Office Occupancy and Operations: Office occupancy and operations expenses primarily include office rent and utilities, depreciation, maintenance, telecommunications and insurance expenses. Office occupancy and operations expenses were $1,535,902 and $3,029,762 for the three- and six-month periods ended June 30, 2016 respectively, compared with $1,443,297 and $2,747,518 for the same prior year periods. As a percentage of total revenues, office occupancy and operations expenses were 4.5% and 5.2% for the three- and six-month periods ended June 30, 2016 respectively, compared with 4.1% and 4.3% for the same prior year periods. The increases in expenses in 2016 primarily related to increases in depreciation and maintenance expenses.

Business Development: Business development expenses primarily include marketing and travel-related expenses. Business development expenses were $606,258 and $1,086,648 for the three- and six-month periods ended June 30, 2016 respectively, compared with $578,194 and $1,065,169 for the same prior year periods.
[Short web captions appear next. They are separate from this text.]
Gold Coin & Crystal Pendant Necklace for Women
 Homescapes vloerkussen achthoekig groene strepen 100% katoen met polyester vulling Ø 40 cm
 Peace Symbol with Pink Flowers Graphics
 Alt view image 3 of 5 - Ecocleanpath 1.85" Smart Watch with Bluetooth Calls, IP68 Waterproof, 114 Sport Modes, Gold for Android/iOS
Business development expenses increased 4.9% and 2.0% for the three- and six-month periods ended June 30, 2016 respectively, compared with the same prior year periods. The increases for the three- and six-month periods ended June 30, 2016 primarily related to an increase in marketing expenses.

Filing Fees, Franchise and Local Taxes: Filing fees, franchise and local tax expenses include insurance filing and licensing fees, franchise taxes, excise taxes, and local taxes. Filing fees, franchise and local tax expenses were $267,103 and $497,157 for the three- and six-month periods ended June 30, 2016 respectively, compared with $221,098 and $437,741 for the same prior year periods.

Professional and Contract Labor Fees: Professional and contract labor fees were $537,446 and $1,076,099 for the three- and six-month periods ended June 30, 2016 respectively, compared with $680,483 and $1,264,590 for the same prior year periods. The decrease for the three- and six-month periods ended June 30, 2016 was primarily attributable to a decrease in consulting fees associated with the Company's ongoing software initiatives.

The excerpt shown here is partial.